Leegstaand complex met 18de-eeuwse kern en 19de- en 20ste-eeuwe aanpasssingen, naar verluidt voormalige kolenhandel. Dubbelhuis van vijf traveeën en twee bouwlagen onder complexe bedaking (nok parallel aan en loodrecht op straat, kunstleien). Bakstenen lijstgevel met vernieuwd parement, gecementeerde zijpuntgevels met rechts krulspie-ankers. Achteraan latere uitbreiding met gecombineerde, verankerde bakstenen lijst- en puntgevel met rechthoekige muuropeningen.
Interieur met deels bewaard 18de-eeuws stucwerk en neoclassicistische elementen uit de 19de- en begin 20ste eeuw zoals een schouw en in de gang tegellambrisering, pilasters, beschildering en trap.

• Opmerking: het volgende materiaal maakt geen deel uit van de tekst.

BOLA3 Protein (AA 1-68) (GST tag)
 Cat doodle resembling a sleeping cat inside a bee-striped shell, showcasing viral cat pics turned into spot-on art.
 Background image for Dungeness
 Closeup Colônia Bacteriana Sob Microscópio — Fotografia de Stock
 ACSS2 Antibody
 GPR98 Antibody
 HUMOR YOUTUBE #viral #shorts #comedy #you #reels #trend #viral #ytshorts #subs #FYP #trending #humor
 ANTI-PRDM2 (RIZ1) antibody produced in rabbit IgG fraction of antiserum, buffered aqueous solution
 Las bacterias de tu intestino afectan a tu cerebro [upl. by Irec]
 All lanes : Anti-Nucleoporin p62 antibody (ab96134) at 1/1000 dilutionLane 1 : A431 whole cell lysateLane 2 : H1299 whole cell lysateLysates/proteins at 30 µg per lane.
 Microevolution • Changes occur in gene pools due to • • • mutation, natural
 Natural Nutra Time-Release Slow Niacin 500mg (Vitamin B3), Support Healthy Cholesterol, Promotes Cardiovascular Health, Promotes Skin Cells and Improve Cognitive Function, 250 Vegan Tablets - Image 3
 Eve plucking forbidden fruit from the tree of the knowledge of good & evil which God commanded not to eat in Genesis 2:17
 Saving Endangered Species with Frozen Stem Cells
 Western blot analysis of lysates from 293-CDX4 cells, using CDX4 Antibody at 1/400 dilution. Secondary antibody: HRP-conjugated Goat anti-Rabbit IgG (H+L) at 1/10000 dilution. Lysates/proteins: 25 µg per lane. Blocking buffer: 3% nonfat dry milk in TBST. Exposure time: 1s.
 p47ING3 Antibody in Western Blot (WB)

Aan straatzijde: aansluitend lager bedrijfsgebouw van drie traveeën onder zadeldak (nok parallel aan de straat, Vlaamse pannen) met rechthoekige doorgang onder I-balk en rechthoekige vensters onder houten latei, laatste travee met laadluik.
In de tuin: vervallen bedrijfsgebouw onder zadeldaken (nok parallel aan de straat, Vlaamse pannen en golfplaten) met bewaard gebint en sporen van vakwerkbouw (stijlen, leemresten en vitswerk).